Di Beppe Grillo ho detto e ridetto. Una sola cosa voglio aggiungere: la cosa più paradossale è attribuire una possibilità di trasformazione a un movimento culturalmente di destra. Impressionanti sono le somiglianze con il fascismo come Movimento: nazionalismo,  antisocialismo, corporativismo, interclassismo, autoritarismo come obbedienza cieca ad un uomo forte e intoccabile. Ma soprattutto la caratteristica di percepirsi e di presentarsi al tempo stesso come rivoluzionario e reazionario. Altro che votarli, qui occorre una campagna complessiva di svelamento.

Restano quindi in campo due scelte possibili: l’astensionismo o l’identità.

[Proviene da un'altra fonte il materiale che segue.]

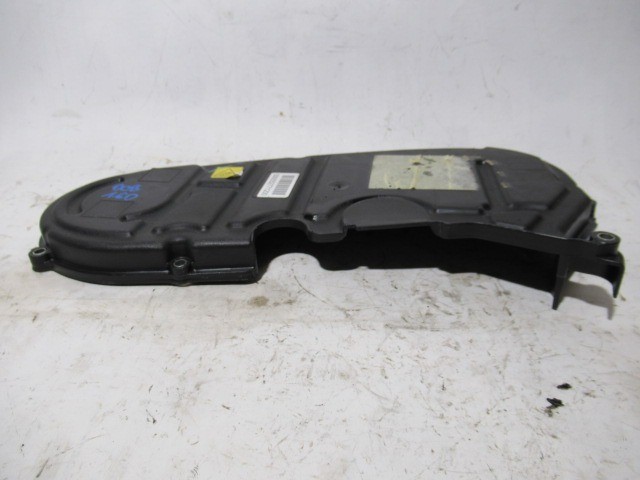 Fiat, Jeep felső vezérlés burkolat 55277120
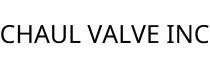 CHAUL VALVE INC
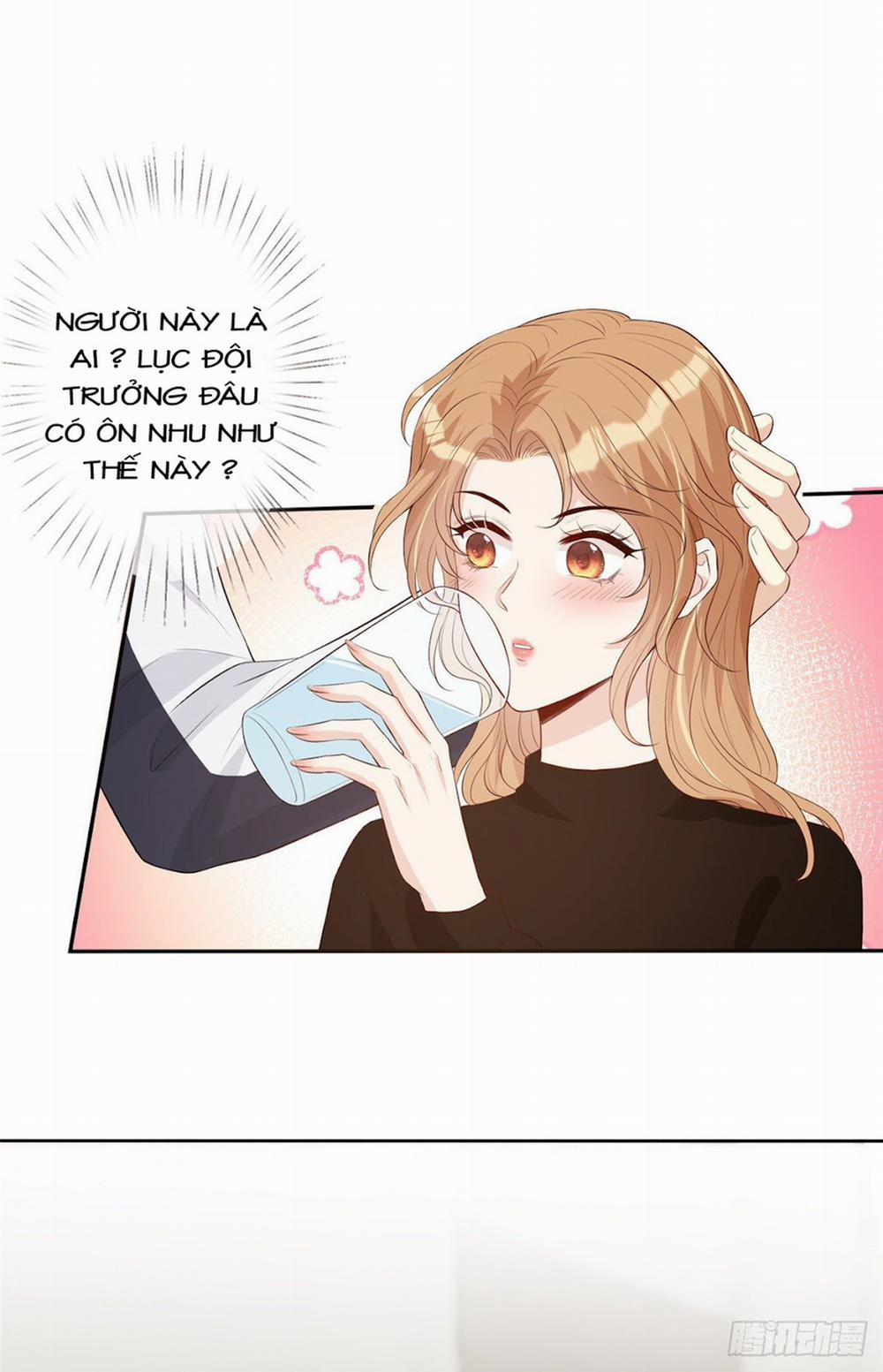 Vượt Rào Trêu Chọc 39 trang 10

Comprendo la scelta astensionista di molti compagni ma provo a spiegare perchè non la praticherò. La democrazia che ci tocca abitare è marcia fino alle fondamenta, sia concretamente che nella percezione che ne hanno i cittadini. Allora ha bisogno di una legittimazione. Tenderà cioè assolutamente a soprassedere sulla grande quantità di non votanti: sarà questo un numero citato velocemente nelle primissime analisi, ma poi finirà nel dimenticatoio molto presto e volutamente.

Più incisivo credo sia partecipare all’elezione e col proprio voto, togliere percentuale alle già citate forze in campo. E in questo senso la scelta del PCL mi sembra l’unica possibile. E’ una realtà insufficiente e probabilmente non sarà soggetto protagonista della trasformazione, ancorato com’è su dinamiche auto-rappresentative. E’ anche discretamente lontano dalla mia concezione di Comunismo, inteso come processo in continua evoluzione. Tuttavia si riferisce a quel paradigma culturale, a quel portato di immaginario che ancora oggi credo sia l’orizzonte necessario verso cui camminare e verso cui indirizzare i nostri sforzi.

E magari può portare alcuni dei compagni di viaggio nelle nostre lotte quotidiane a ripensare molte delle scelte fatte negli ultimi anni.